◆ DATA PROVIDED:

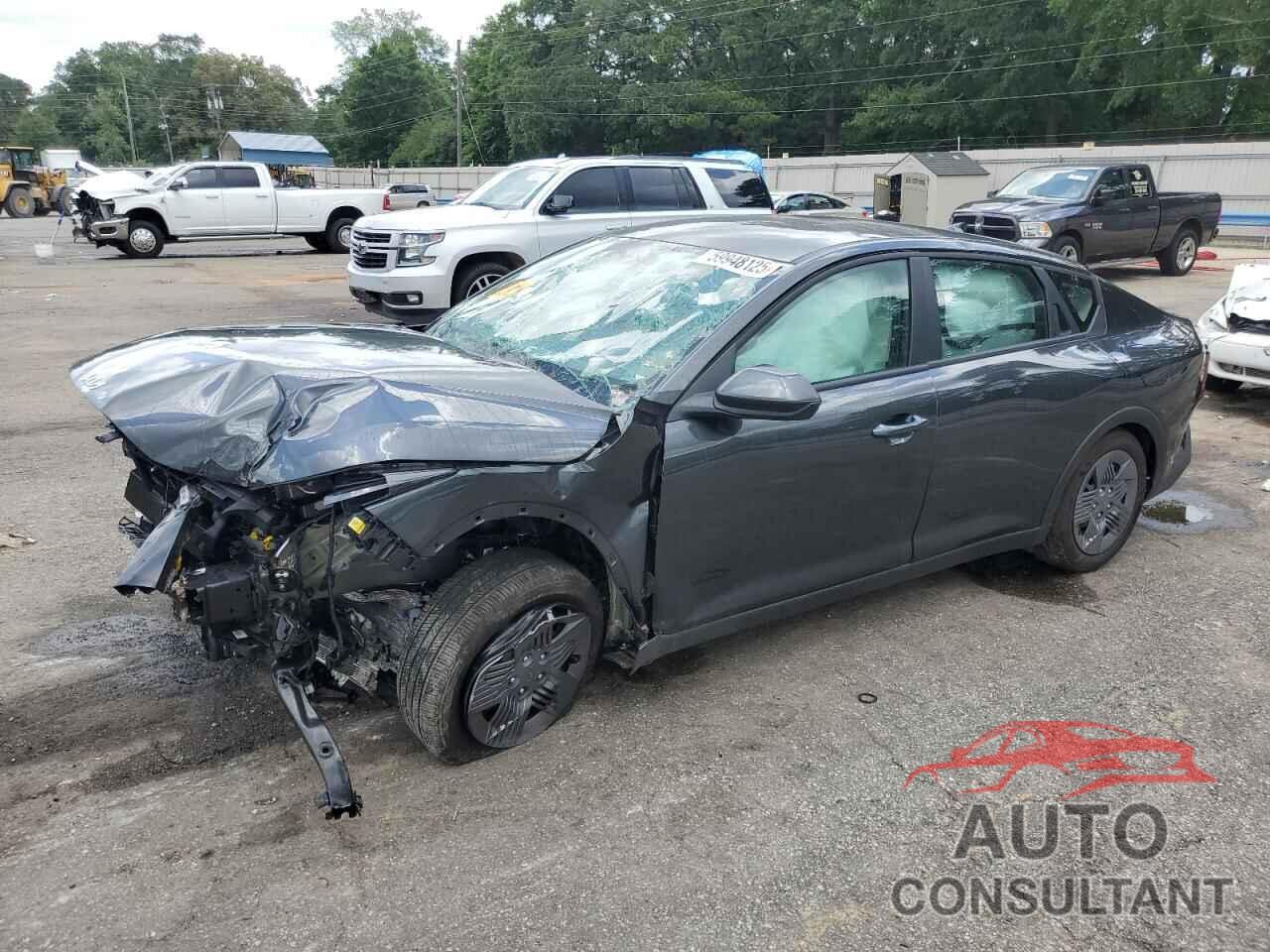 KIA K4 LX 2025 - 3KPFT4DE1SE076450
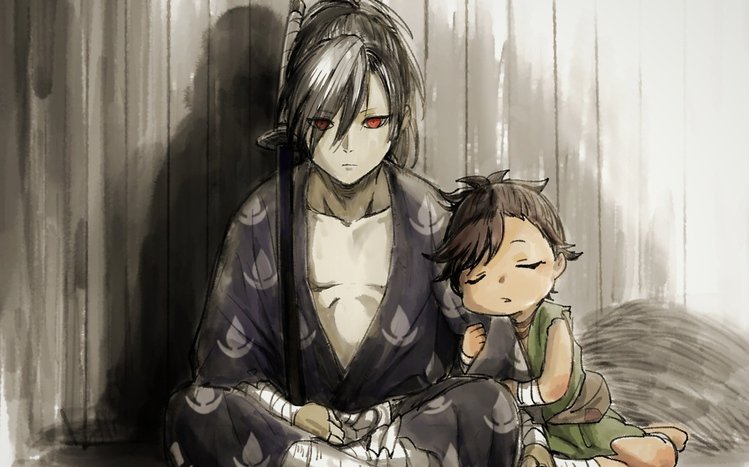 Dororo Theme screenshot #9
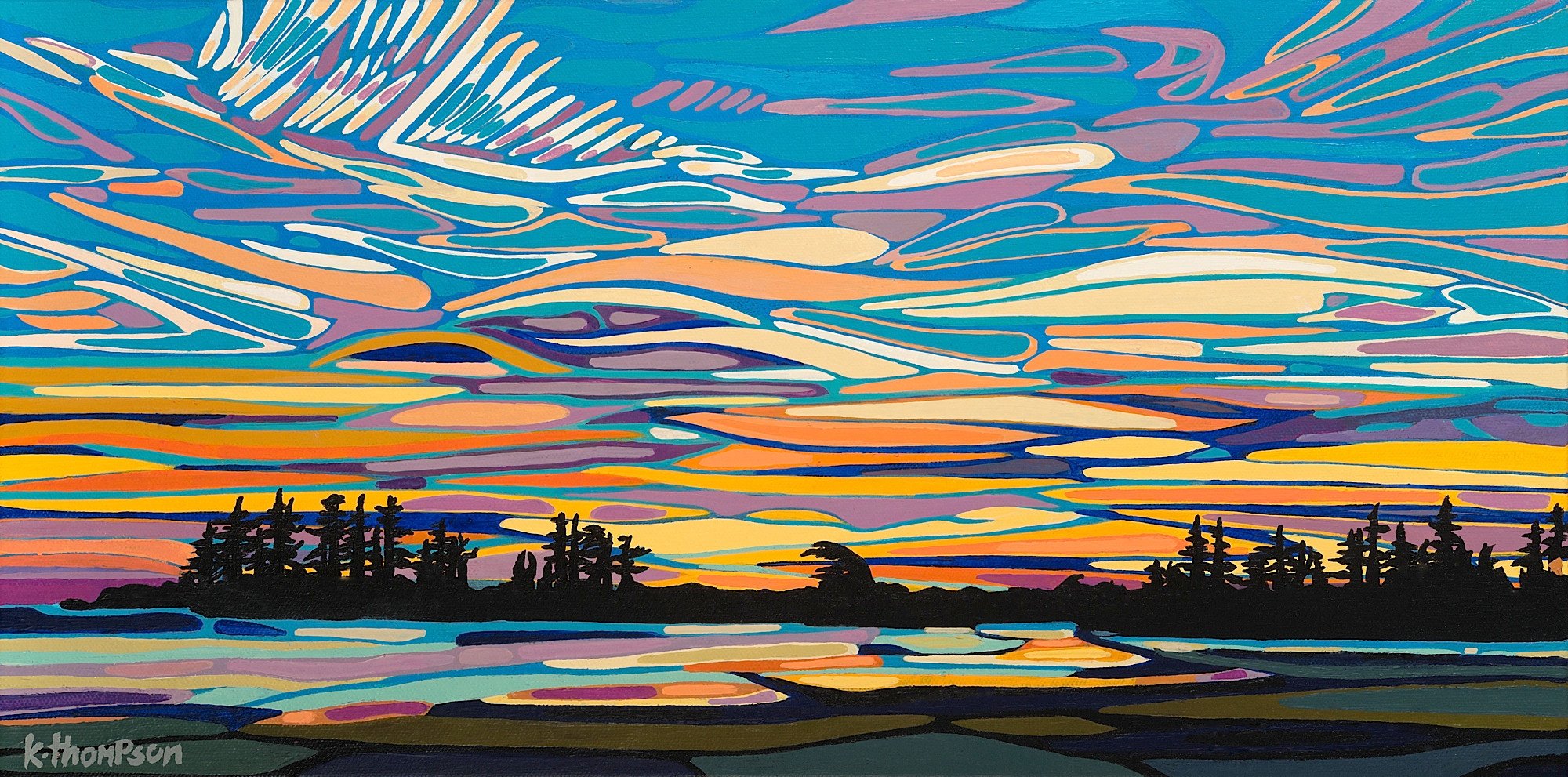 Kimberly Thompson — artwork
--
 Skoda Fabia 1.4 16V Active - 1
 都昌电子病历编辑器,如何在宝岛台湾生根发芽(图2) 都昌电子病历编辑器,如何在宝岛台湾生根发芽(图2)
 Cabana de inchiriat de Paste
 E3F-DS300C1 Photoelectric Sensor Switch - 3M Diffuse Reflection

◆ GOAL OF THE EXERCISE:
Beginning with the line that has "Cabana de inchiriat de Paste" and ending with the line that has "E3F-DS300C1 Photoelectric Sensor", set down the lines above exactly and include no others.

◆ SOLVED EXERCISE:
 Cabana de inchiriat de Paste
 E3F-DS300C1 Photoelectric Sensor Switch - 3M Diffuse Reflection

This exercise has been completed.